Samuel Ramos

Personal information
- Full name: Samuel Antonio Ramos Linares
- Date of birth: 18 August 2000 (age 26)
- Place of birth: Santa Cruz de Tenerife, Spain
- Height: 1.81 m (5 ft 11 in)
- Position: Central midfielder

Team information
- Current team: St Mirren
- Number: 10

Youth career
- SJ Tablero CF
- CD Sobradillo

Senior career*
- Years: Team / Apps / (Gls)
- 2019–2020: Santa Úrsula / 25 / (7)
- 2020–2022: Las Palmas C / 43 / (14)
- 2022–2023: Las Palmas Atlético / 36 / (7)
- 2023: Mensajero / 8 / (0)
- 2024–2026: Zemplín Michalovce / 50 / (11)
- 2026-: St Mirren / 3 / (1)

= Samuel Ramos (footballer, born 2000) =

Spanish footballer (born 2000)

Samuel Antonio Ramos Linares (born 18 August 2000) is a Spanish professional footballer who plays as a central midfielder for Scottish Premiership club St Mirren.

==Career==
Ramos was born in Santa Cruz de Tenerife and played in the Las Palmas academy. He played senior football for the third and reserve teams.
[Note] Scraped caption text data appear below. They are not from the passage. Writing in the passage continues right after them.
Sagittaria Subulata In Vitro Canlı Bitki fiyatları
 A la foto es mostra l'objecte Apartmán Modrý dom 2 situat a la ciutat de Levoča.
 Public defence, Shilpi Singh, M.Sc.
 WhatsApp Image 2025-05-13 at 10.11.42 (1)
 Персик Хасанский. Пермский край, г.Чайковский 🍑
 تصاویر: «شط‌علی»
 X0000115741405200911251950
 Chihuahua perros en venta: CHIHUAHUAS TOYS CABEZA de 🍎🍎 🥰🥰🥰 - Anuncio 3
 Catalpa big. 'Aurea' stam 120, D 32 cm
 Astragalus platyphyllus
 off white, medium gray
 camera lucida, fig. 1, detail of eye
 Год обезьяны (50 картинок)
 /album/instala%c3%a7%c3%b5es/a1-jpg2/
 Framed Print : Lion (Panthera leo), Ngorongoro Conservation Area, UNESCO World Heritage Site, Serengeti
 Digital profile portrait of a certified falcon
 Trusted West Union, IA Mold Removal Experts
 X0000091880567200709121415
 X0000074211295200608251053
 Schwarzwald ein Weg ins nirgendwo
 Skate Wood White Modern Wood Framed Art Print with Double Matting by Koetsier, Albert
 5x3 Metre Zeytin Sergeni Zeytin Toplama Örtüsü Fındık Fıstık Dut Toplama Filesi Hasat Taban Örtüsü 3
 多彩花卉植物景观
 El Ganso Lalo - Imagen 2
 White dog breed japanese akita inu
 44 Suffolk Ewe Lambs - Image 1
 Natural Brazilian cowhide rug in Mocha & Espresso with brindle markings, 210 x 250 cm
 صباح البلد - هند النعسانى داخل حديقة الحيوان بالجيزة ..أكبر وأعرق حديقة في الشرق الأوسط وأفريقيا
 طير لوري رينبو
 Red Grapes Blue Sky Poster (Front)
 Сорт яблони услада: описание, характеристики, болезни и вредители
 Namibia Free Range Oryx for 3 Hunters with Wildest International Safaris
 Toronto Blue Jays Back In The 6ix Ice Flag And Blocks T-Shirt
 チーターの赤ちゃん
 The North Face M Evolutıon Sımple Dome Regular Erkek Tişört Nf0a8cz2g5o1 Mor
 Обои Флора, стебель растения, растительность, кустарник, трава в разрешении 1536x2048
On 22 January 2024, it was announced that Ramos would be joining Slovak club Zemplín Michalovce, signing a two-year contract. He made his professional debut for Zemplín Michalovce in a 2–1 loss against Železiarne Podbrezová, coming on as a substitute for Martin Bednár.He moved to St. Mirren in summer 2026.